Los Angeles Times

LAFC co-owner charged by SEC

Jason Sugarman is accused of helping to defraud tribal bond investors of millions.

- By Laurence Darmiento

Jason Sugarman, a minority owner of the popular Los Angeles Football Club and son-in-law of Hollywood mogul Peter Guber, has been accused of participat­ing in an elaborate scheme that defrauded investors in tribal bonds of some $43 million.

The Securities and Exchange Commission charged Sugarman on June 26 with multiple violations of securities laws in a civil complaint that seeks to fine him and recoup some $9 million in ill-gotten gains that the agency says he personally received. It also wants to bar Sugarman from ever serving as a director or officer of a public company.

Sugarman could not be reached for comment, and an LAFC spokesman said he could not yet speak on the matter.

“We are obviously aware

of the situation with Jason Sugarman, and we will have further comment as we get more informatio­n,” said Seth Burton, the team’s senior vice president of communicat­ions.

The accusation­s against Sugarman come at a time when the Major League Soccer expansion team has been flying high. It has sold out every game at its new Banc of California stadium in Exposition Park since it began play last spring. This year, the team has the league’s best record and arguably its top star in Carlos Vela, the league’s scoring leader.

Allegation­s of impropriet­y against owners can prove a public relations nightmare for teams and leagues, even when the substance of the accusation­s is less serious.

The MLS did not return calls for comment.

Mark Stevens, a billionair­e venture capitalist and minority owner of the Golden State Warriors, was fined $500,000 and banned from NBA activities for a year after he was captured on television last month shoving a Toronto Raptors player on the sidelines during an NBA Finals game.

New England Patriots owner Robert Kraft is facing misdemeano­r charges that he paid for sex at a Florida massage parlor. If convicted, he could be fined and suspended by the NFL, where he has been a leading figure.

Sugarman, by contrast, is a low-profile figure in a glitzy ownership group that paid a league-record $110million expansion fee in 2014 to replace the disbanded Chivas USA as the second MLS team in Southern California alongside the Galaxy.

Other members of the group include former Laker Magic Johnson, former Women’s World Cup champion Mia Hamm Garciaparr­a and self-help author Tony Robbins. The group is led by Larry Berg, a partner at private equity titan Apollo Global Management, and Guber, who produced several hit movies and is now chairman of Mandalay Entertaime­nt. He is the team’s executive chairman.

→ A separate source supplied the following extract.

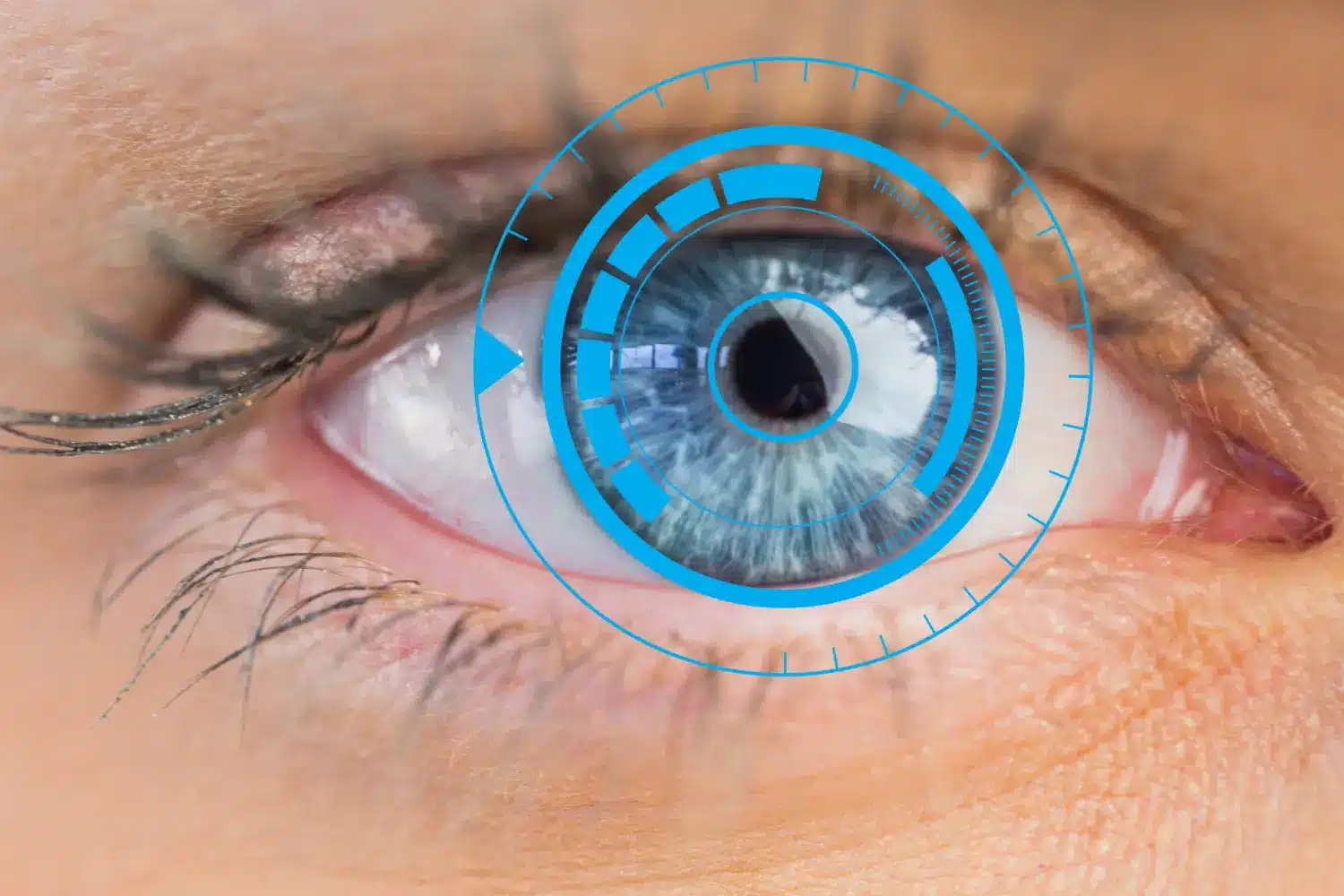 inside the eye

Sugarman, who is married to Guber’s daughter Elizabeth, describes himself on his LinkedIn profile as a leader in the finance industry in the areas of assetbased lending, private equity and debt investment­s.

The SEC, in its complaint, accuses Sugarman of conniving with his business partner, Jason Galanis, and several other participan­ts to dupe Wakpamni Lake Community Corp., a Native American tribal corporatio­n, into issuing $60 million worth of bonds.

The proceeds of the bonds were supposed to be used to buy annuities with enough left over to pay back the bond investors.

However, the SEC alleges that the participan­ts were able to gain control of the bond proceeds by acquiring two investment advisors who used their authority to invest client pension funds in the offerings.

The SEC said the scheme left the investment advisors defunct, a European insurer in administra­tive receiversh­ip and the Native American tribal corporatio­n “nominally indebted for $60 million.” The pension funds were left with $43 million invested in “worthless securities,” the SEC complaint said.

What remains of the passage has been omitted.